Moving forward at Michael Fields Agricultural Institute

It’s early February as I write this blog, and we have just seen an unusually warm, rainy January that took away our snow cover and the frost in the ground. Farmers in the area are worried about the effect of this weather on their alfalfa and wheat fields and what harm standing water may do to these crops. The one thing in agriculture that you can always be sure of is this growing season will be different from last year or any other before it. The same can be said about MFAI – this year will be different than any of our previous 32 years.

What can you look forward to at MFAI in the next year? Have you visited our website lately? In late November/early December, we completed a revision of our website. If you have not had the opportunity to visit www.michaelfields.org recently, I encourage you to check it out and explore all that we do at the Institute.

During the summer and fall, watch for updates and field days from our research programs especially cover crop and corn breeding trials. In the fall of 2016 we purchased 200+ acres of farmland from The Nature Conservancy and started the transition to organic production. We are excited about installing improved conservation practices on this property and the prospect of doing valuable transition research in cover crops/no-till. The results will be reported to you over the next three years.
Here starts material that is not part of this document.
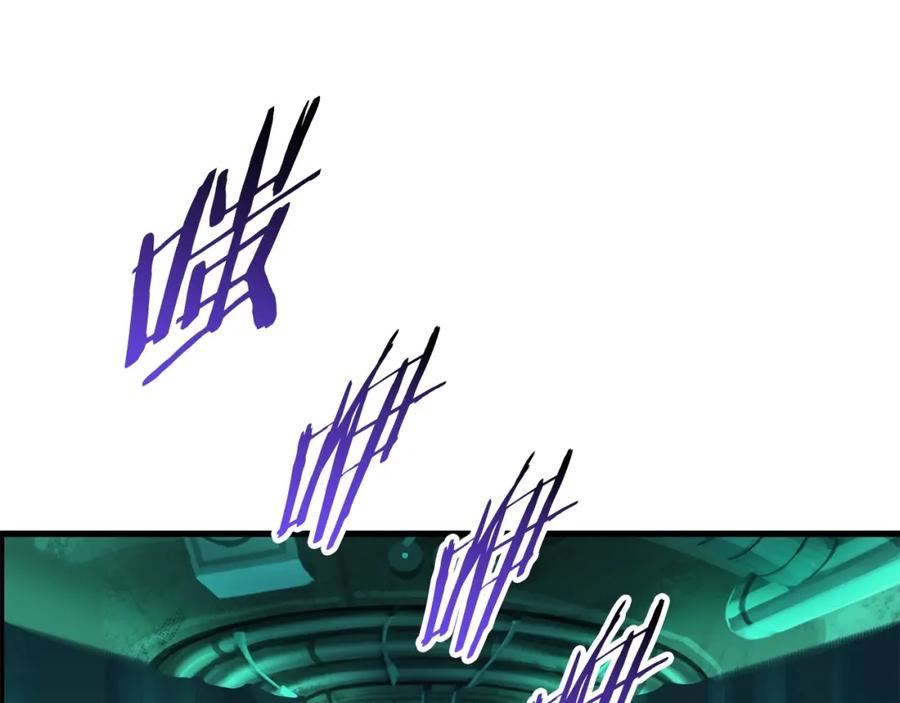 243.jpg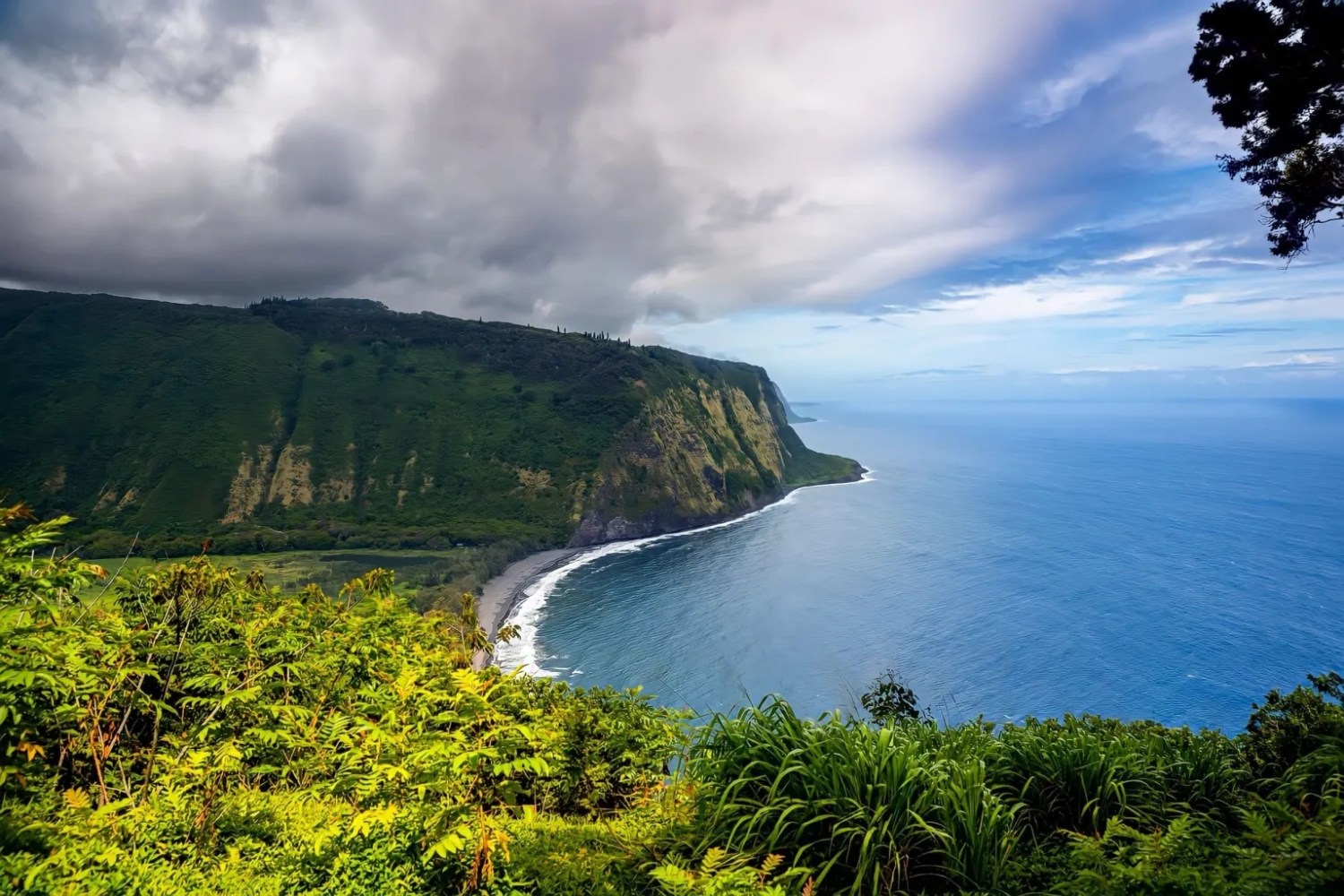 Coastal cliff landscape with lush greenery and ocean under a cloudy sky.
We believe our policy work in Washington, D.C. and here in Wisconsin will be more important than ever as we go through the transition process with the new Republican Administration and Congress. Our policy staff will continue the valuable work they have begun to draw new attention to the nutrient run-off problems from the upper Midwest that flow down the Mississippi into the Gulf of Mexico dead-zone. We will also be looking for new ways to promote local food systems.

I believe that sustainable organic agricultural methods are successful ways to bring more beginning farmers on the land and start the process of re-building some of our rural communities. Six weeks into my new role, I have spent a great deal of my time reaching out to people in the industry, learning the ebb and flow of all that we do at this Institute and how we fit into the sustainable/organic community. I’ve attended the EcoFarm Conference in California and the Grassworks Grazing Conference in the Dells where it was great to see old friends and make many new ones. Twice, I have had the enjoyment and honor of spending time with our sole remaining founder, Christopher Mann, and I look forward to more discussions with him. I am grateful for his lifelong passion for Organic/Biodynamic systems that promote soil health, increased organic matter, and naturally formed nutrients that remain in the soil profile to build sustainable agriculture farming practices.

If you are planning to attend the MOSES Organic Farming Conference in La Crosse at the end of February, please stop by our booth in the Exhibit Hall. The MFAI staff and I look forward seeing you and discussing organic agriculture and/or answering any questions you may have. We appreciate your continued interest and support of Michael Fields Agricultural Institute and our mission to grow sustainable organic communities.